Later as they approached the trike of spud, with a slightly puffed out chest and a flourish behold Franken trike! N-ick paused while he collected his thoughts about this well it had to be a trike because it has three wheels and a seat.
the at lest three possibly five different trikes had sort of been amalgamated in to one, with attachments! One was obviously a drop leafed table but the most prominent on was the harpoon gun on the front.
Get a lot of whales hear abuts?
No are kid, ony use it fur haggis; some of ems frisky buggers n need sum brining dann.
Er forgive me but did you say haggis?
Iy wild haggis we get round ear is sort after fur export up north, not same as the part domesticated uns they gets up theer, lot tastier see.
It was at this point a mass of baggage on wheels approached , ho good shouted n-ick with some relief my mechanic chappy byegad!
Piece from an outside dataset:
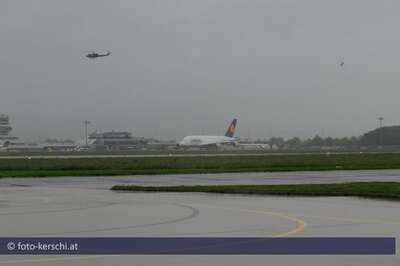 Airbus A380 in Linz gelandet a380_065.jpg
Ahoy there, byegad replied and did what on a normal vehicle would have been a emergency stop , this involved a lot of banging movement of baggage a bit of colourful language, a real life Franken trike; I thought I would never see one again that’s a five way cut and shut author scrungworth special.
Its dickerd said spud scuffing the floor with his monstrous boots torn between pride in his ride and misery at its present predicament.
It’s the parts see my double reciprocating Wernham inverted flange retaining cerclip retain-ton nut went years ago. N-ick looked up in to the sky rocking slowly on the balls of his foot, counting down slowly from five.
He reached three when byegad thrust his finger in the air and said right or left hand thread?
Jaw slack with shock spud stammered out left it has the dynamic kluge knocker on this model.
Byegad patted one or two of his 1000 pocketed jacket in a sort of absent minded way before plunging in to the luggage clad trike with again some muttering proudly produced the part, along with a new wheel and some frame clamps of his own design.